=== Data for analysis ===
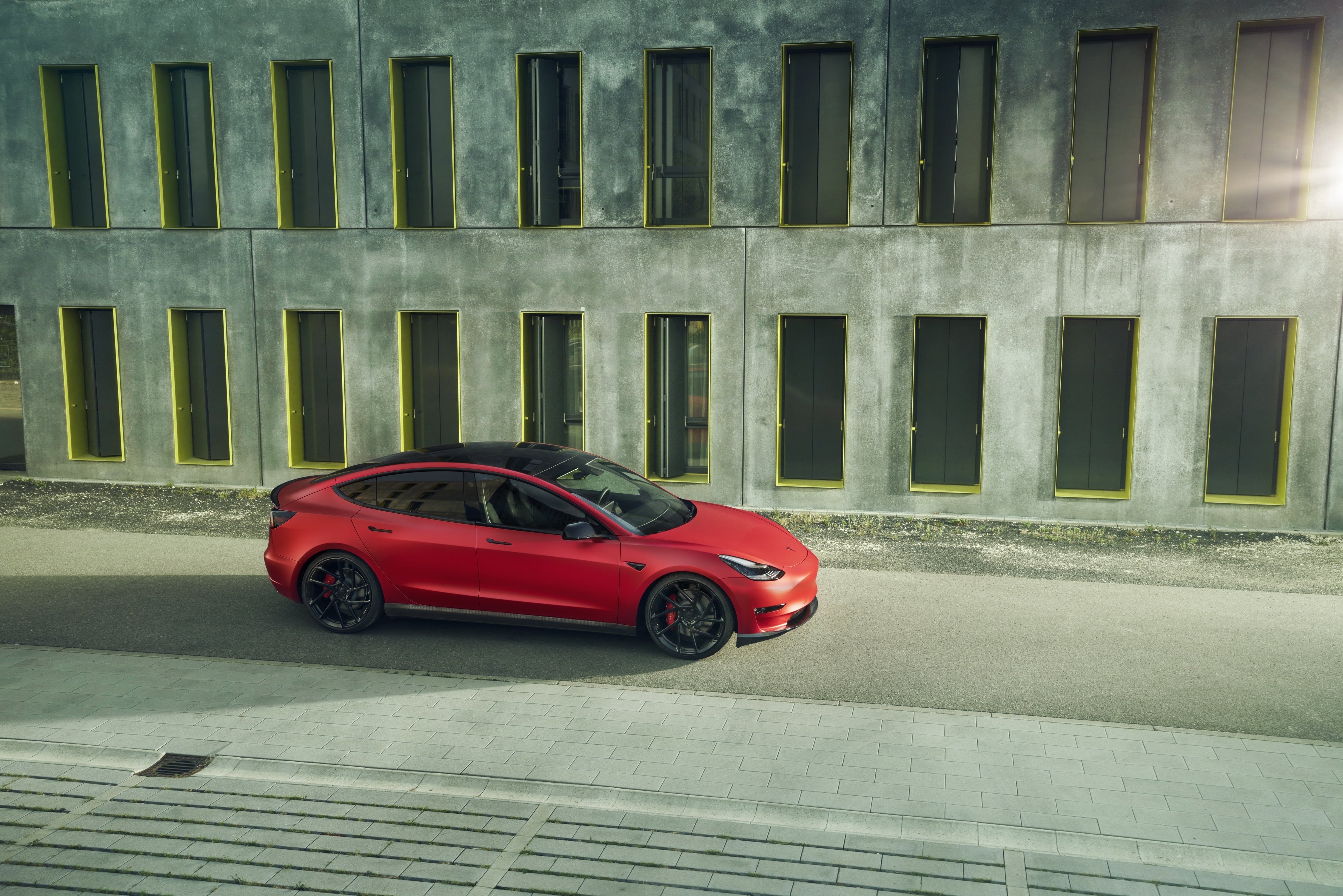 Tesla Motors, Vehicle, Red Car, Tesla Model 3, Luxury Car, 4K, Car, HD Wallpaper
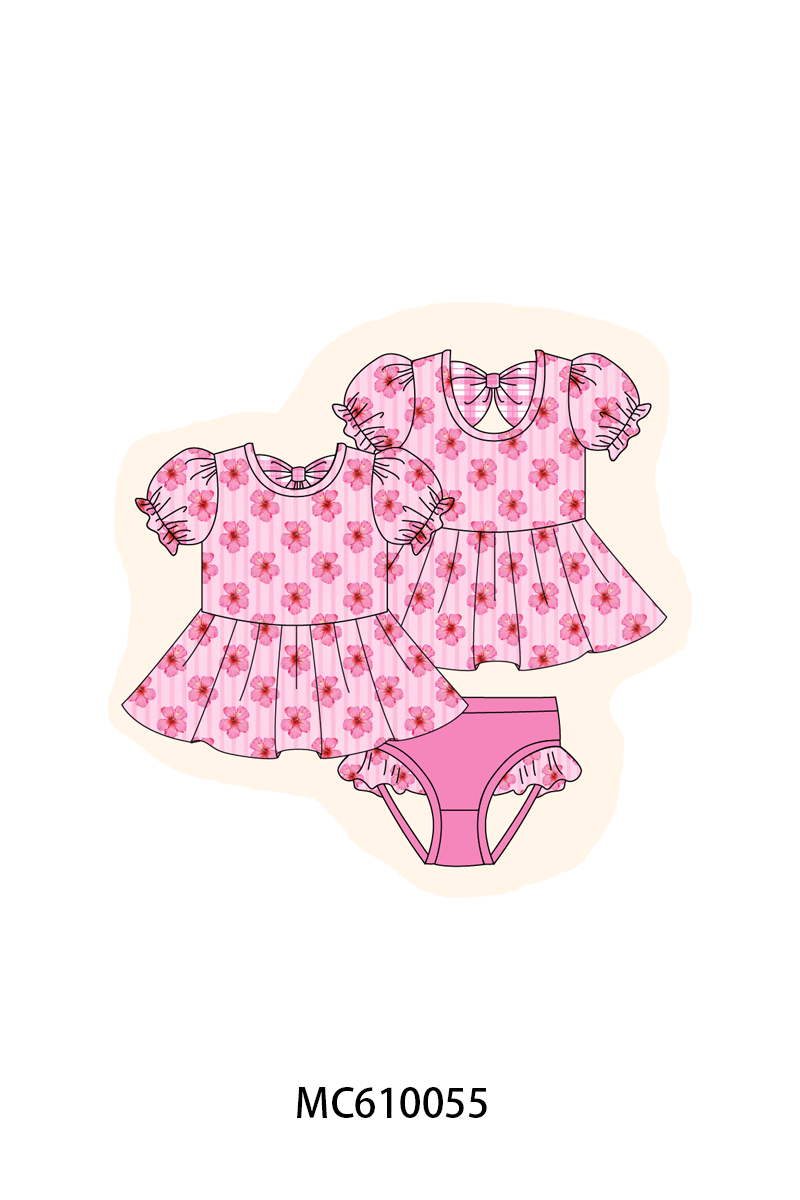 PO108 Magenta floral stripe ruffle swimsuit collection - closing 10/26 - ETA march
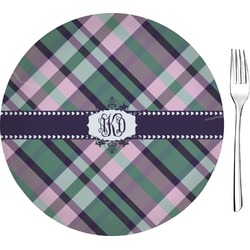 Plaid with Pop Glass Appetizer / Dessert Plate 8" (Personalized)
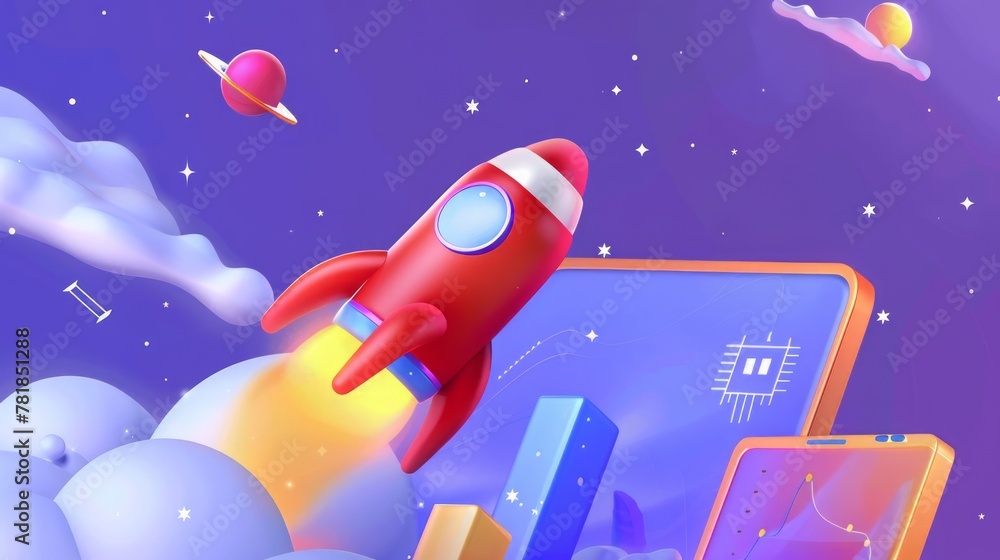 Poster rocket launch on computer screen 3d rendering. business start up concept, innovation technology and 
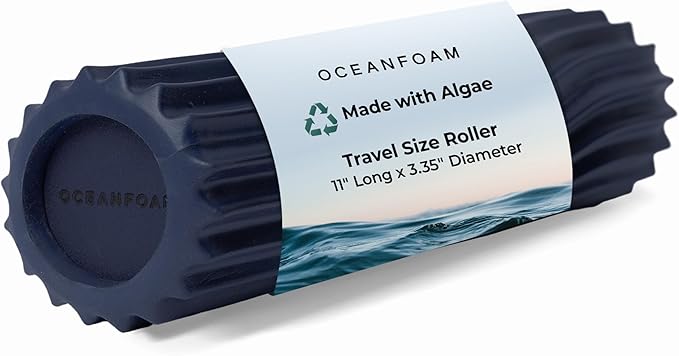 Oceanfoam Ripple Travel Foam Roller (11" x 3.35") Firm Mini Foam Roller for Physical Therapy, Deep Tissue Massage, Back Pain, High Density, Ergonomic Wave Textured, Yoga, Pilates, Exercise (Dark Navy)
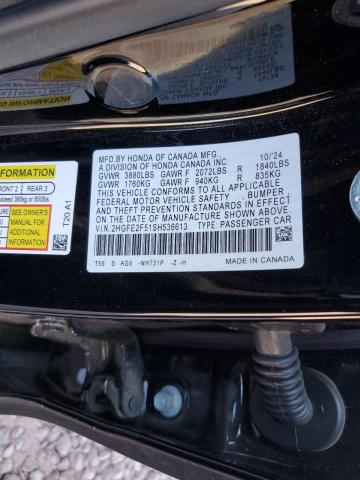 Продаж на аукціоні авто 2025 Honda Civic Spor, vin: 2HGFE2F51SH536613, номер лоту: 64330865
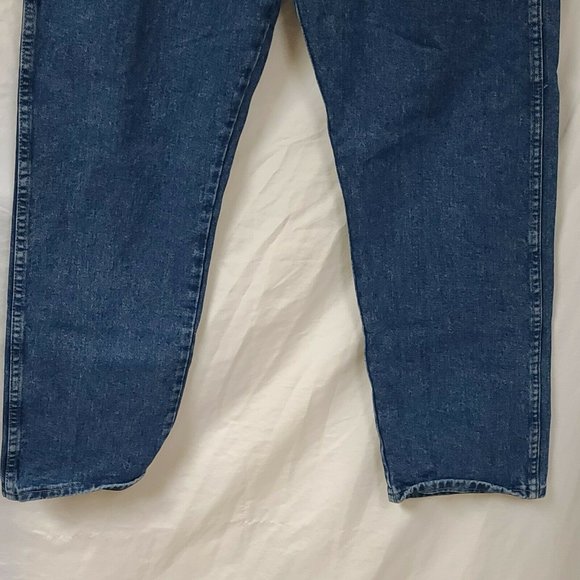 Wrangler Rugged Wear Mens 36x32 Straight Leg Denim Blue Work Heavy Jeans - Picture 3 of 9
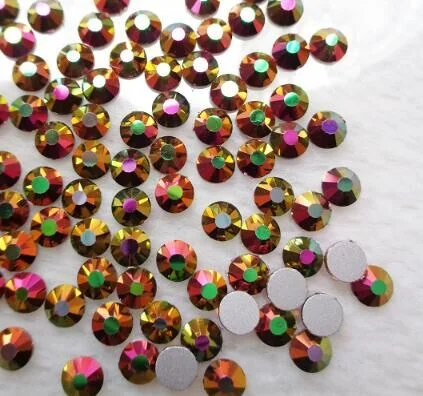 Nail rhinestone low-allergy-pujiang 1440pcs/pack rainbow rose golden flatback rhinestones dmc crystal AB non hot fix glass rhinestone strass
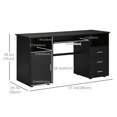 thumbnail image 3 of HOMCOM Computer Desk with Keyboard Tray and Drawers, Study Workstation, 3 of 10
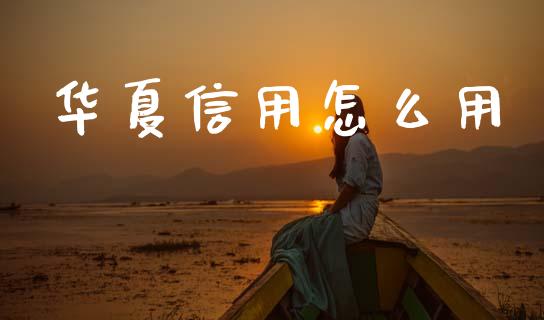 华夏信用怎么用_https://wap.fcdydaikuan.com_期货品种_第1张
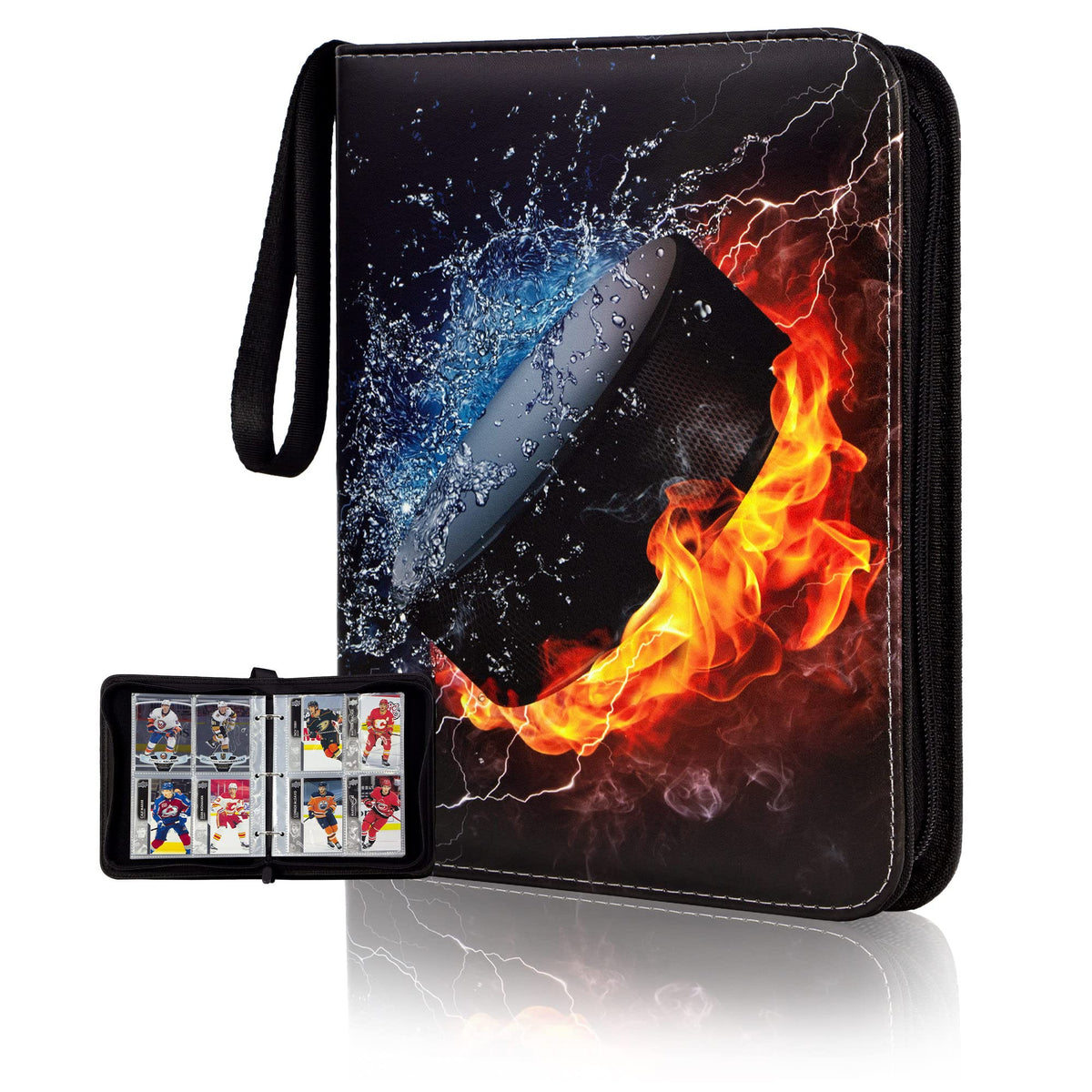 CDROPS card binder with ice hockey cover keeps collections organized.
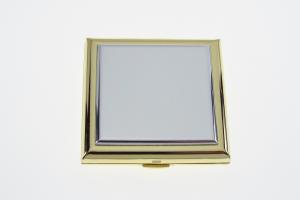 Personalized Compact Mirror Square Two Tone Gold Plated with Silver Top Engraved Purse Mirror - Hand Engraved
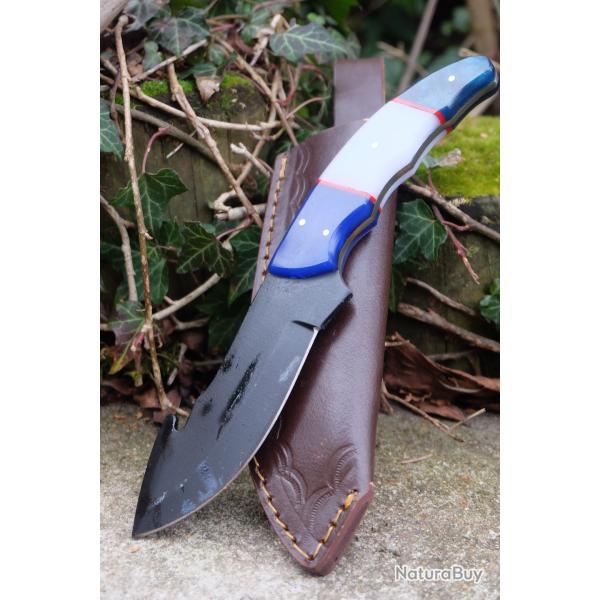 Couteau de Chasse � d�pecer Crochet Lame Acier Carbone 1055 Black Manche R�sine Etui Cuir Artisan A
===
Work order :: Every line from the one containing "Personalized Compact Mirror" through the last line of the records is to be reproduced exactly, with pictures left out and nothing else given.

Answer space ::
 Personalized Compact Mirror Square Two Tone Gold Plated with Silver Top Engraved Purse Mirror - Hand Engraved
 Couteau de Chasse � d�pecer Crochet Lame Acier Carbone 1055 Black Manche R�sine Etui Cuir Artisan A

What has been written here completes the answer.